I spent $3,500 on a Dual G4 533 DA with 1.25 GB RAM.  I did not intend to use this as a production server, but soon found that the C++ and Objective-C portions of my projects ran incredibly fast on my new mac.  The IO code in Java was quite slow, but I found that the rest of my Java code ran quite well on the mac as well.

I have now completely replaced my x86 machines for development with Macs.  I now have five Macs, four of which run OS X.  I will soon sell my Proliant boxes and purchase XServe machines.  Before I start my next major project, I will rewrite my core C code to use AltiVec instructions, and expect to have even better performance.

My contracts are billed based on development time and also based on the hardware my clients have to purchase to process a given set of data in a given period of time.  When given the choice, some of them choose to keep their x86 hardware.  This does not bother me.  The development cost difference is minimal.  I write the UI and presentation side of these projects in Java, either as applications or as servlets.  The network client and server sockets are usually Java based.  When they migrate to Macs, both the network infrastructure and the UI code will move over quite nicely.  The hardcore number crunching code is usually a combination of ANSI C, C++, and Objective C compiled using gcc 3.x.  Once again, this moves over quite well, as OS X uses a fairly standard gcc build.  This being said, 10% of my development cost is usually included so that when clients migrate, I have already been paid to make the small number of modifications needed to move their code over to cocoa.
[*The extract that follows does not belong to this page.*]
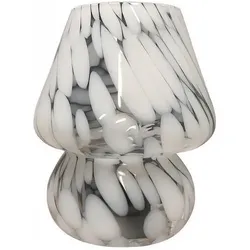 Relaxdays, Tischlampe, Tischlampe Pilz (E27)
The hardware cost savings are usually what convinces a client to choose deployment on macs, rather than PCs.  I do not require that my clients select the hardware for deployment until after the software bid has been accepted, the project has been designed, and the initial test harness has been built.  It is an incredible experience to run a few hundred sample calculations on a year old desktop box purchased in the last two years for $3500 and substantially outperform a quad Xeon box which was purchased within the same time frame for $65,000.  Now that the XServe is available, my clients can actually have even better performance (L3 cache!!!!)  for about the same price as my desktop Dual G4, and have that machine in the Rack (1U) with the rest of their IT investment.

I am sorry to be so verbose.  I care passionately about this.

Feel free to send your friend a copy of this post.  He should also read a few articles on the scientific computing projects out there being done for a fraction of their previous cost after being ported to run on a G4 desktop or laptop.  These articles can be easily found on the apple website.

Good luck.


----------



## 96.9 (Jul 14, 2002)

Mac OS X is nice cause it has lots of GUI tools to use for networking .

Its easy to setup the modem or nic card . The point and click facilities are very straight forward .

For development linux has been made to be very user friendly . SuSE PPC is all together on CD Roms and using YaST you can put together whatever you want . 

OS X is BSD so for some reason it is very difficult on the technical end , like Open BSD is for newcomers . There should be more info for the new user on ports and packages and compilers and such but this BBS is a great place to look for help . 

For basic setup on a Mac or Microsoft network with a new apple computer I would recommend OS X over linux anyday but for advaced computer freaks PPC linux might be a nice addiction if you can set up the dual boot on your desktop PC .


----------